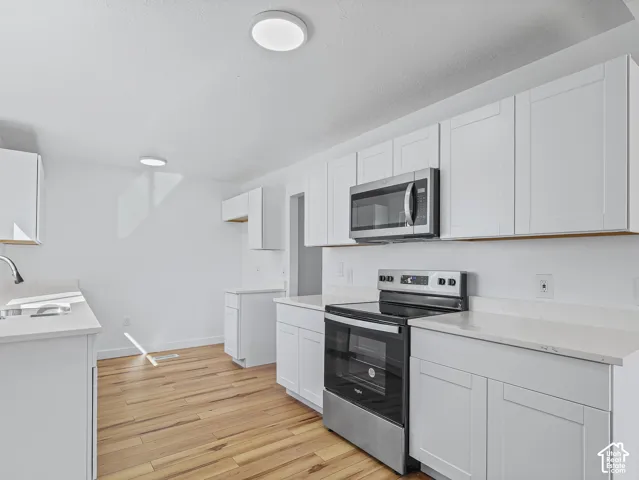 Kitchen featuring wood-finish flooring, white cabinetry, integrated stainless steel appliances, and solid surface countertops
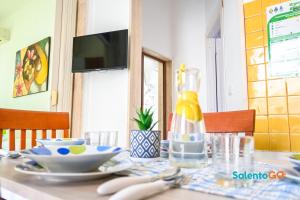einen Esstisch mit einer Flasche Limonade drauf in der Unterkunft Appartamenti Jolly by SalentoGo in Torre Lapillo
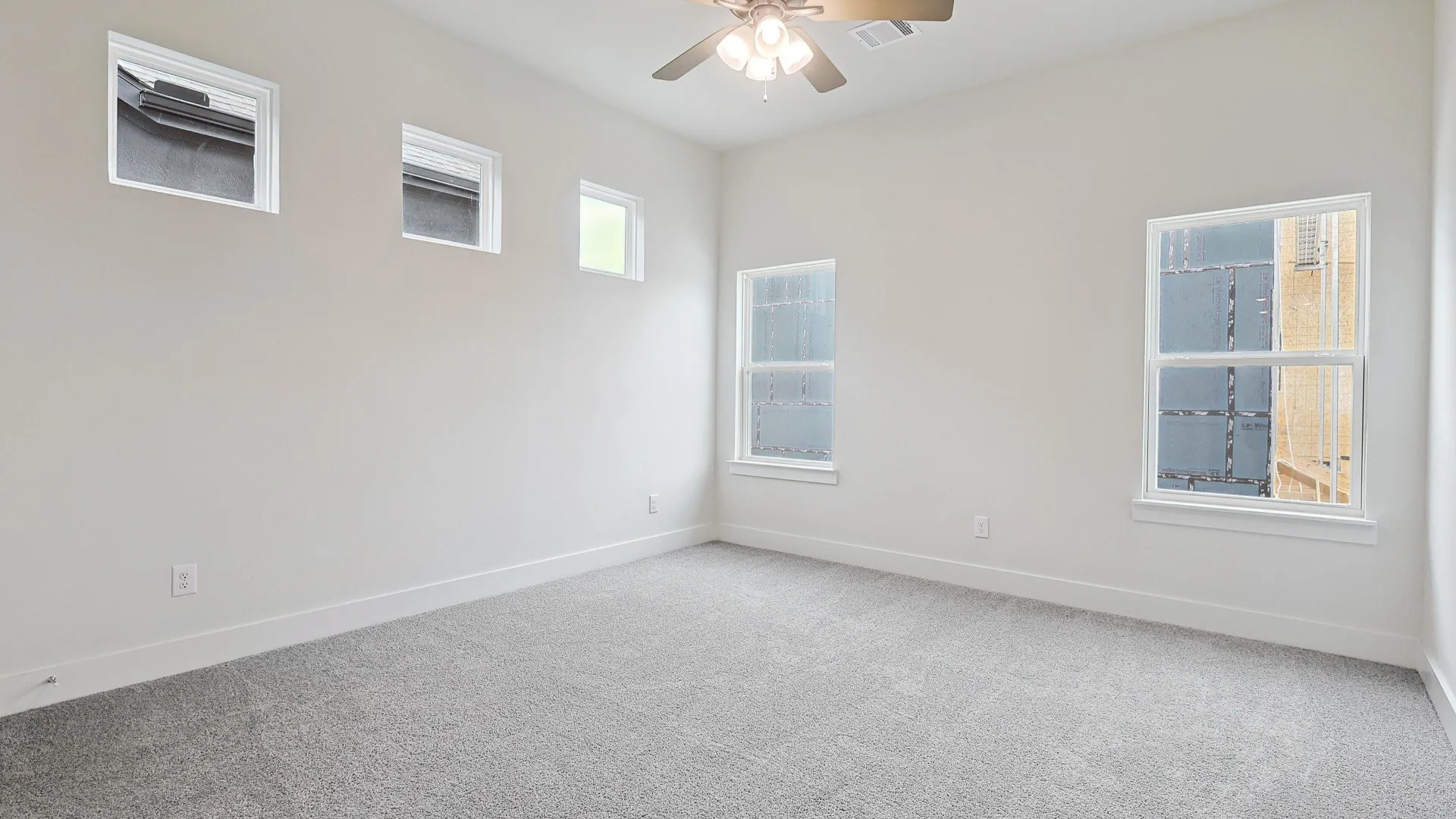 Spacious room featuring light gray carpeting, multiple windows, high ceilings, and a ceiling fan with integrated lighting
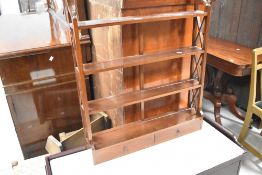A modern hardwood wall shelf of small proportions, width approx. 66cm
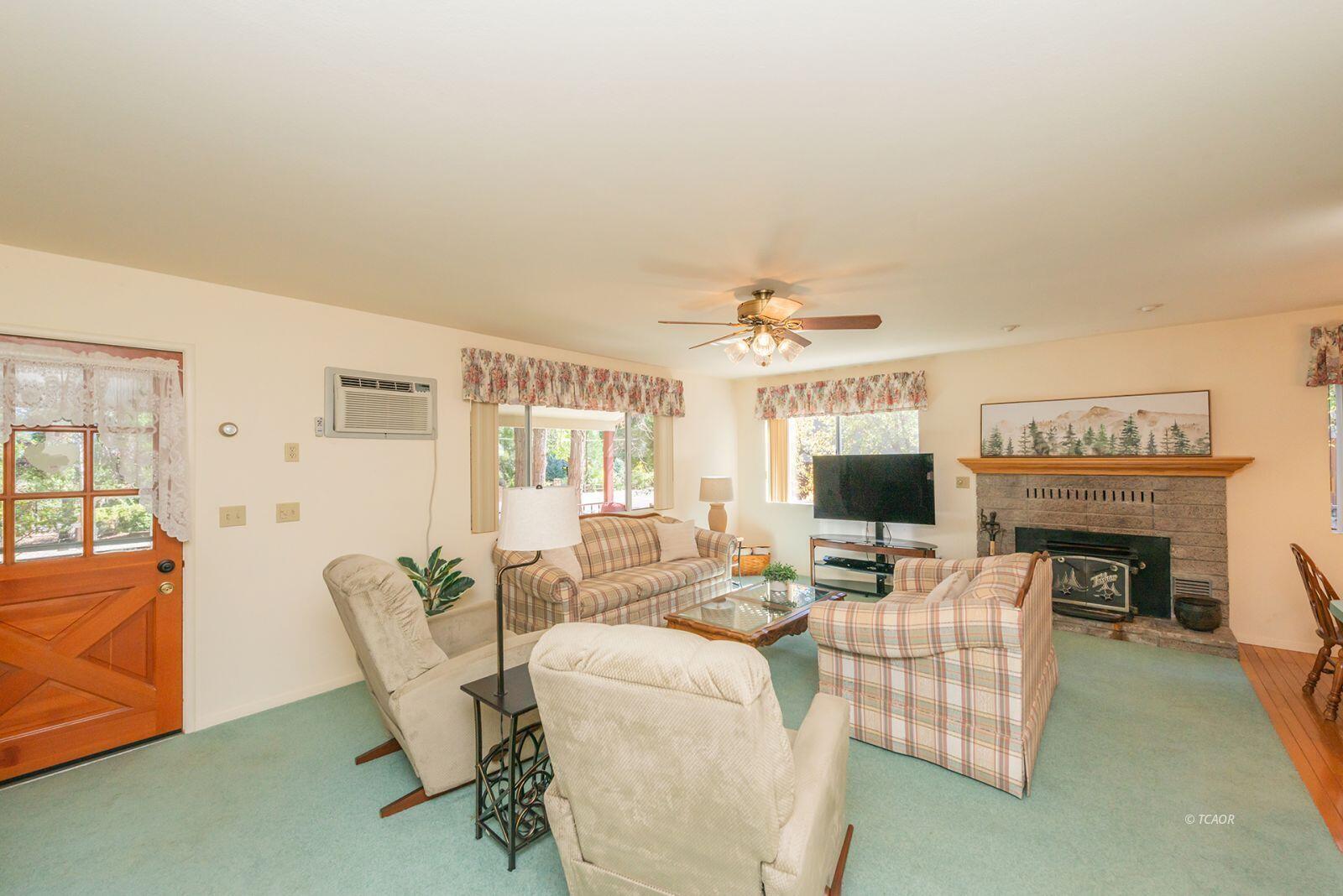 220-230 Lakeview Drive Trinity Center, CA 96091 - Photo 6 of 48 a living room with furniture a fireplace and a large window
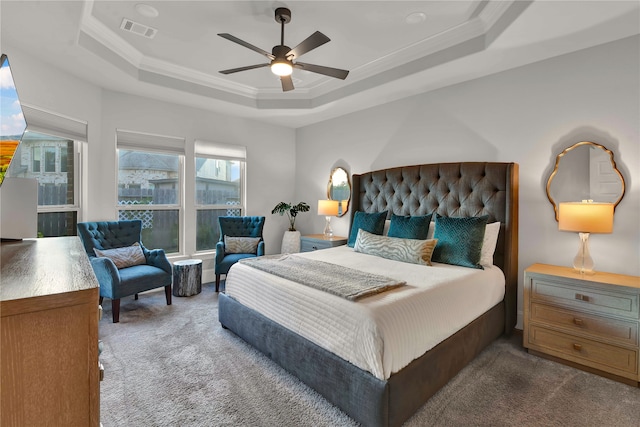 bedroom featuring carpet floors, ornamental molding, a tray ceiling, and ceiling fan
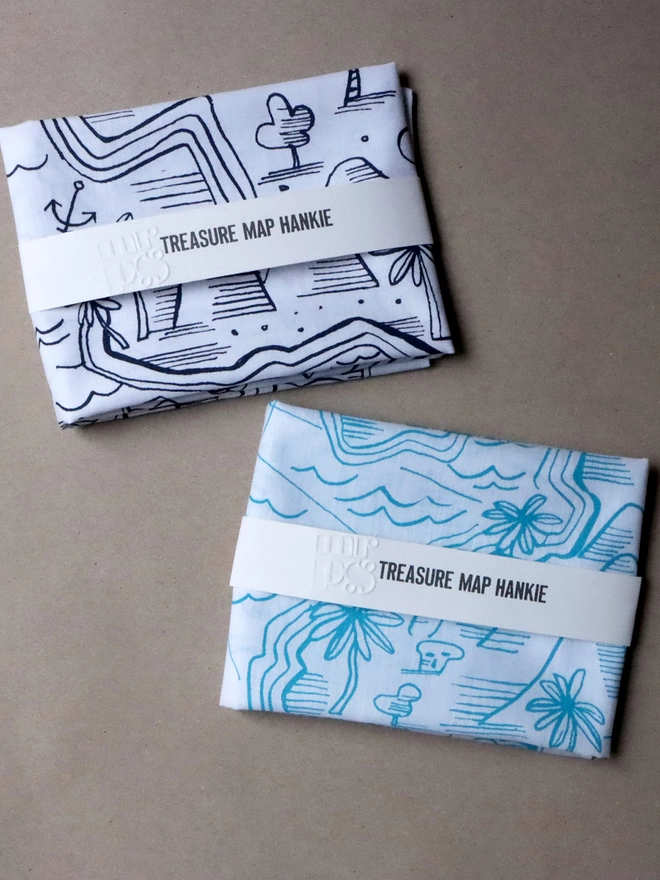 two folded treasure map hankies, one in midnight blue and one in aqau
####
ASSIGNED TASK:
This task calls for the lines from the line containing "bedroom featuring carpet" through the end of the listing, set down exactly and only, with pictures omitted.

YOUR RESPONSE:
 bedroom featuring carpet floors, ornamental molding, a tray ceiling, and ceiling fan
 two folded treasure map hankies, one in midnight blue and one in aqau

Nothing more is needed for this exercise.